:: THE DATA ::

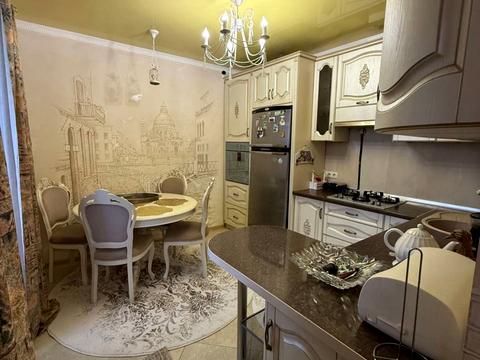 квартира по адресу Строителей ул., 11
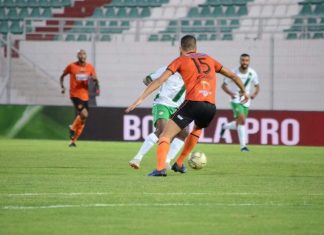 البطولة الاحترافية: أولمبيك خريبكة يقلب هزيمته بثلاثية لتعادل، ويعود بنقطة ثمينة من بركان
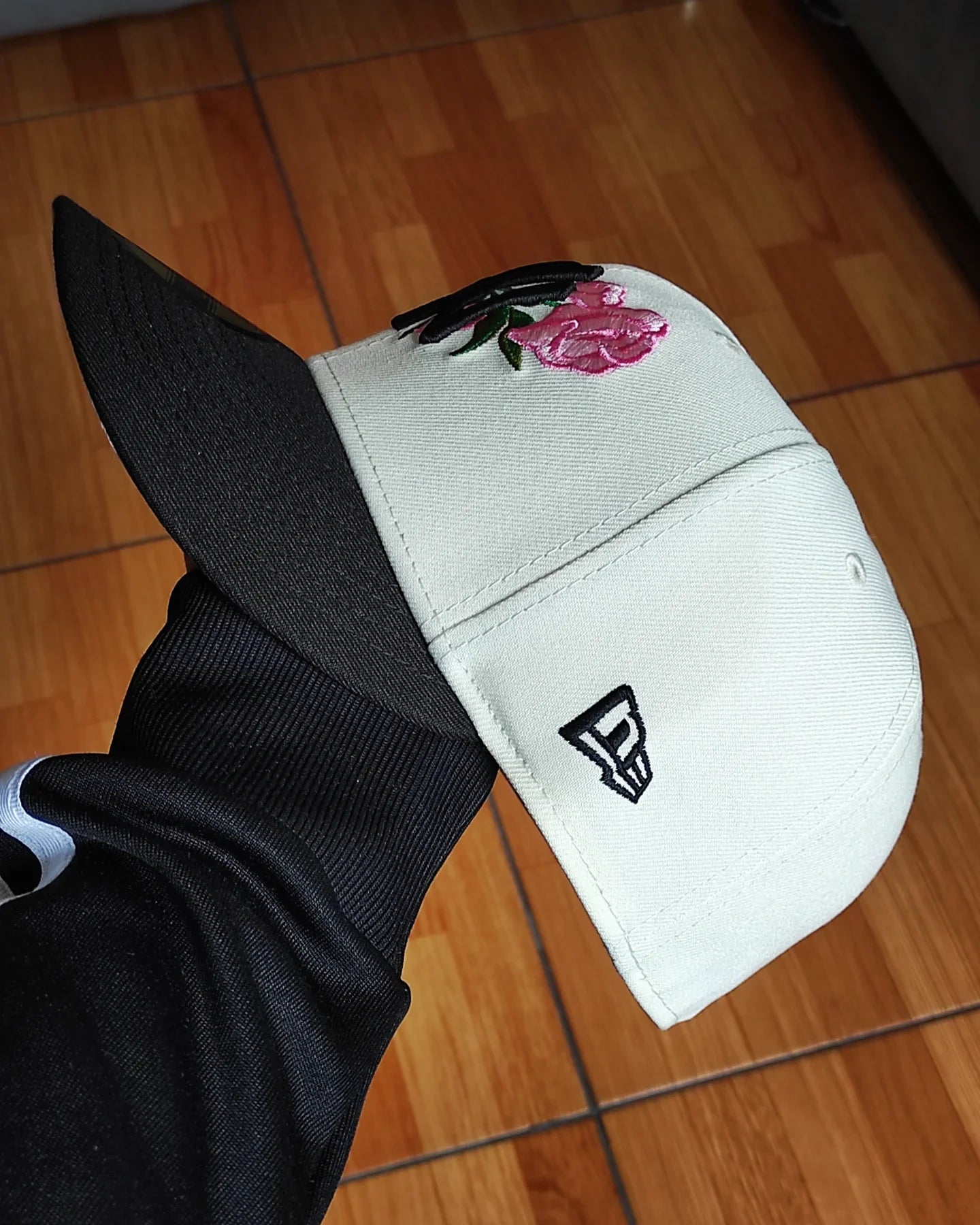 Gorra ajustada 59fifty New Era New York Yankees Rose Chrome Edición negra/rosa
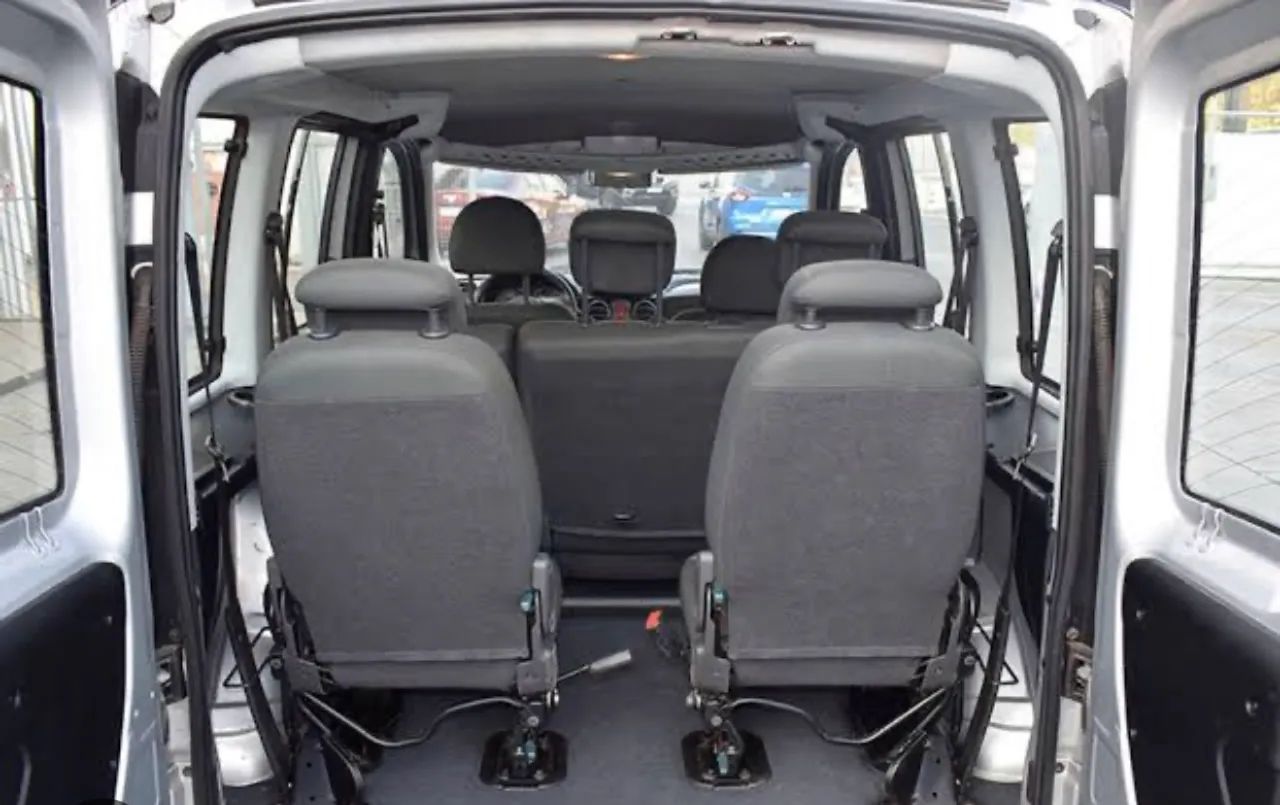 Executivo Transporte de Doblo 7 lugares  - Foto 3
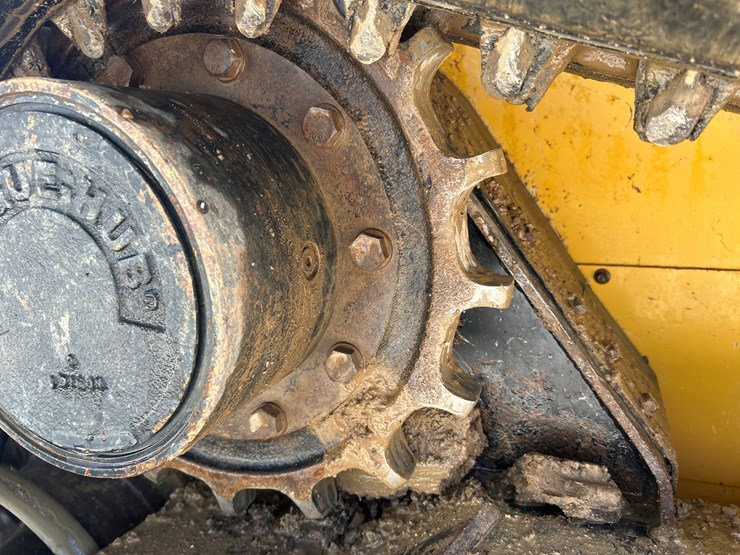 2015-deere-333e-image-44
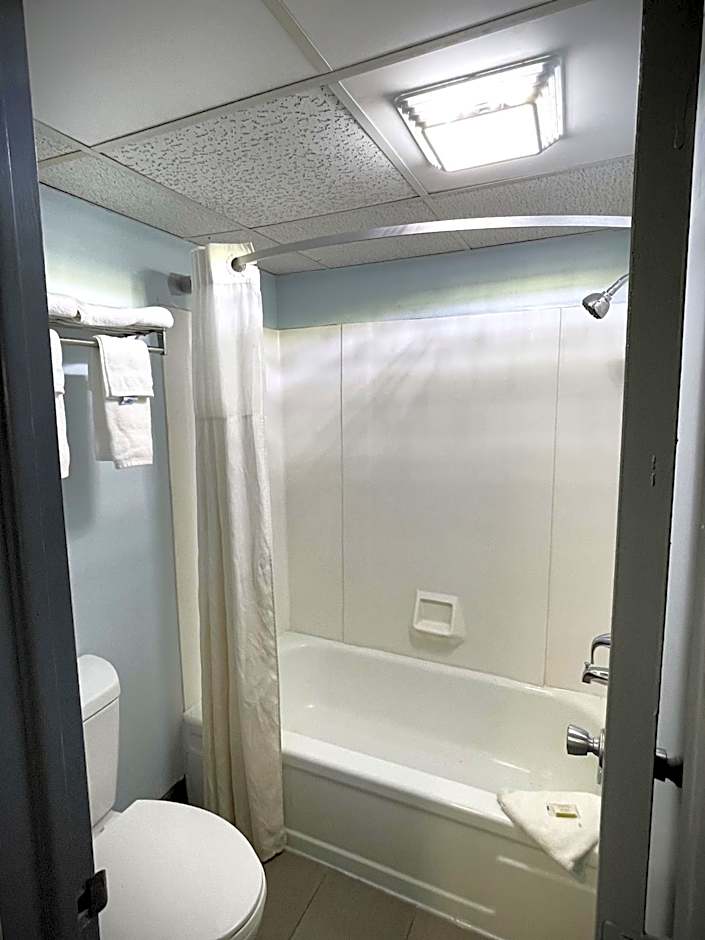 Days Inn by Wyndham Salina South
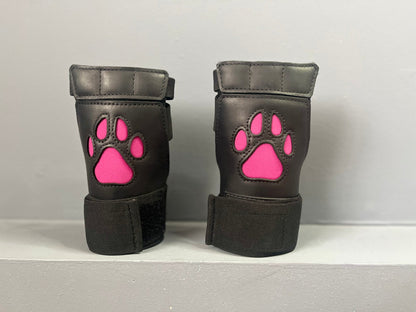 Open Paw Puppy Glove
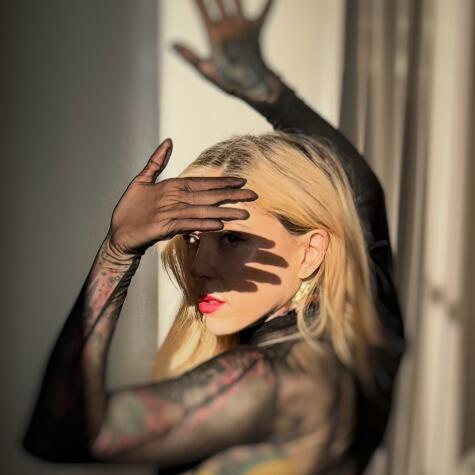 dominatrixaria avatar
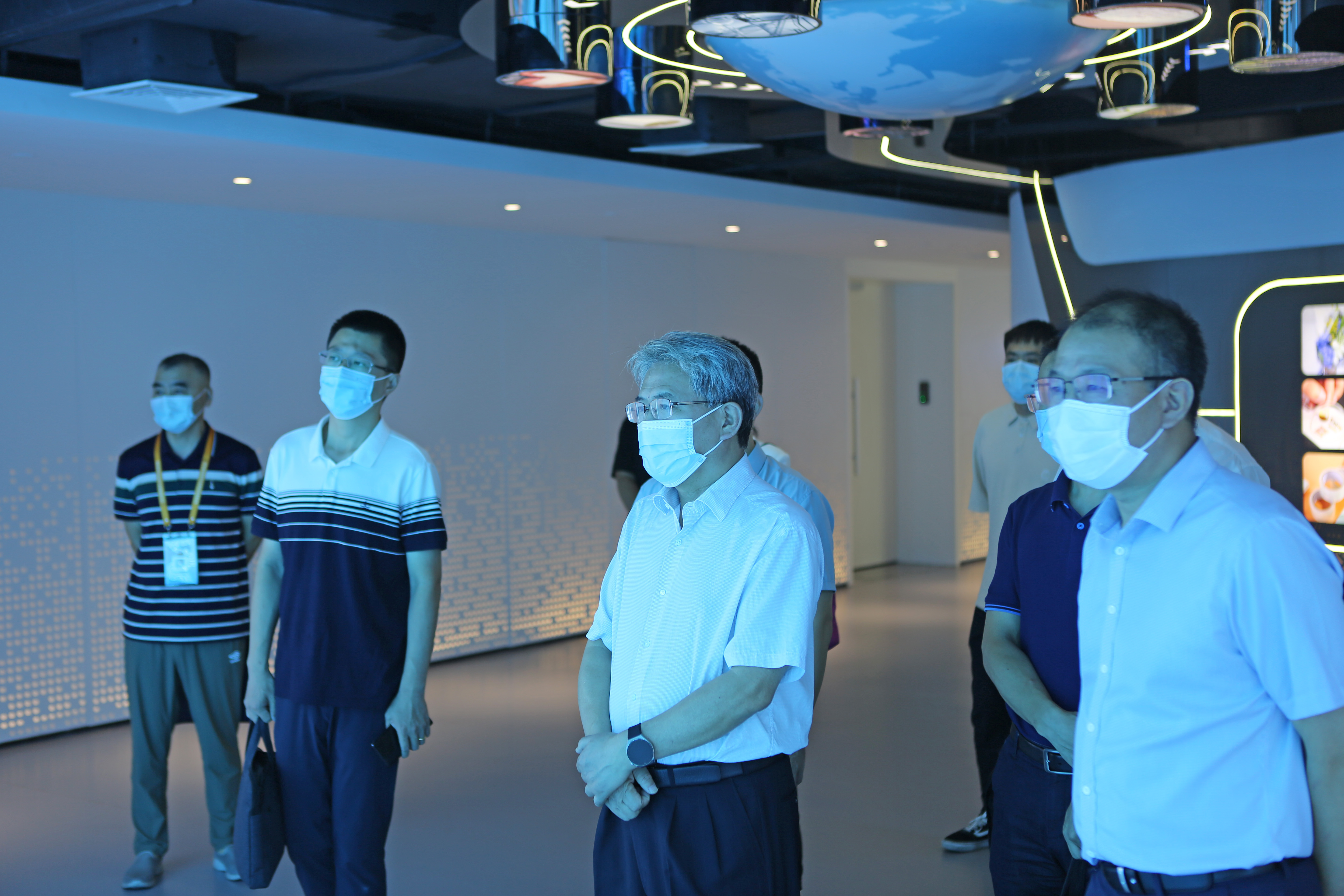 888����(�й�)���޹�˾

:::

The reply should hold every line of the records unchanged and no pictures.

__ANSWER TO THIS EXERCISE__:
 квартира по адресу Строителей ул., 11
 البطولة الاحترافية: أولمبيك خريبكة يقلب هزيمته بثلاثية لتعادل، ويعود بنقطة ثمينة من بركان
 Gorra ajustada 59fifty New Era New York Yankees Rose Chrome Edición negra/rosa
 Executivo Transporte de Doblo 7 lugares  - Foto 3
 2015-deere-333e-image-44
 Days Inn by Wyndham Salina South
 Open Paw Puppy Glove
 dominatrixaria avatar
 888����(�й�)���޹�˾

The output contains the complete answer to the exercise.